Olivier Sultan : Qu’est-ce qu’on célèbre à travers ce très beau musée ? Pour moi, on dissimule plus qu’on ne célèbre. On célèbre sa propre image, on voudrait montrer une image magnifique de la France qui brille dans le monde entier et qui respecte toutes les cultures. Mais notre rapport concret à l’Afrique est moins beau et moins clair. J’ai l’impression que c’est un peu comme une sorte de mauvaise conscience qu’on a vis-à-vis de l’Afrique et dont on voudrait se laver. Ce musée est supposé célébrer notre rapport à l’autre, à toutes les cultures qui sont malmenées.
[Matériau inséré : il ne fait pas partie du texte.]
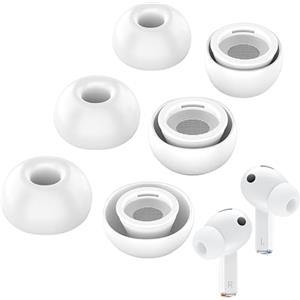 Miruchertter Auricolari per Galaxy Buds 3 Pro, in silicone, compatibili con Samsung Galaxy Buds Pro 3, accessori di ricambio L/M/S (3 paia) (bianco)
Et en même temps il y a des images d’une extrême violence, des gens qui passent par-dessus les barbelés à Melilla, aux Canaries, une politique d’immigration en France avec des enfants qui se font éjecter alors qu’ils sont à l’école. Les 18 artistes de l’exposition ont ce quelquechose en commun : s’élever contre cette hypocrisie. Ce musée est un écrin de verre magnifique pour se nettoyer de tout ce qu’on fait par ailleurs. Et en parallèle, le soutien aux dictateurs, le pillage des ressources continuent…

Afrik.com : Dérober le patrimoine culturel d’une civilisation n’est-ce pas, finalement, lui enlever son Histoire ?
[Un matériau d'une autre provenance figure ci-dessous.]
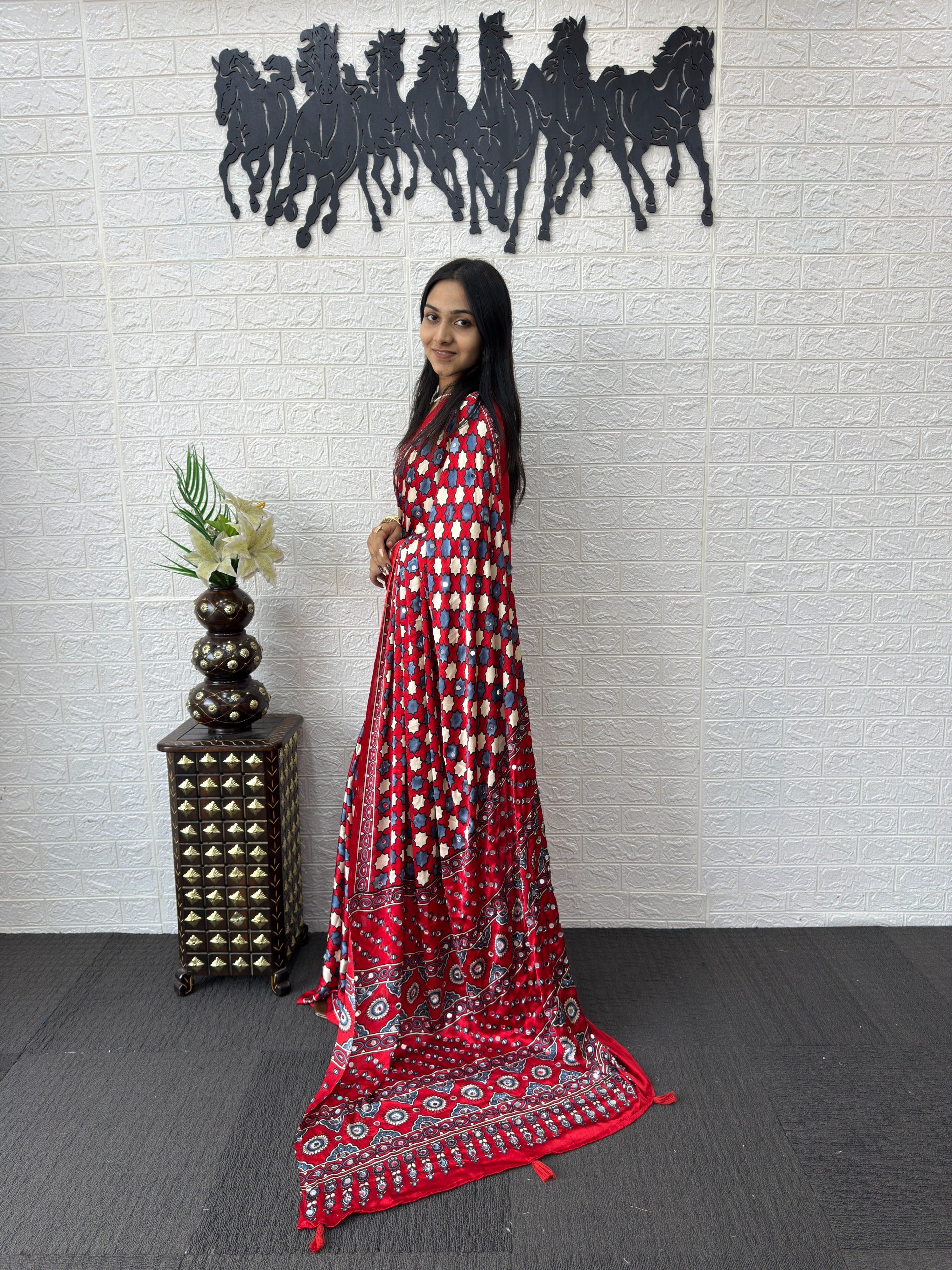 Red Ajrakh Print Mirror Work Satin Silk Saree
Olivier Sultan : On projette sur l’Afrique l’idée qu’elle se trouve hors du temps, hors de l’Histoire, hors de la culture, hors du mouvement universel. Ce qui est faux. C’est l’un des propos de l’exposition. L’Afrique a une Histoire. Il y avait une Histoire avant la colonisation avec des guerres, des échanges, des invasions de territoires, des rois… On fait comme si il y avait une sorte de vide avant l’arrivée des colons. Dans le musée du quai Branly, on va trouver des objets, datant des années 20 ou 30, qui côtoient des objets datant d’il y a 2000 ans. Et ce qui m’a choqué le plus, c’est de voir, dans la cession Océanie, les peintures contemporaines sur toile des aborigènes sans nom, sans étiquette… C’est une aberration ! Qui dit art, dit individualité, dit artiste. D’ailleurs, il y a des chercheurs qui ont prouvé qu’on pouvait retrouver les noms de certains artistes africains dit « primitifs ». Cette mentalité et cette idéologie occidentales veulent laisser croire que tous ces objets sont utilitaires, traditionnels et qu’il n’y a pas derrière une volonté artistique. C’est choquant. D’où le thème de l’exposition : « Des hommes sans Histoire ?» et l’engagement des artistes.

Afrik.com : En parlant de spoliation, le trafic d’œuvres d’art qui se perpétue-t-il encore aujourd’hui ?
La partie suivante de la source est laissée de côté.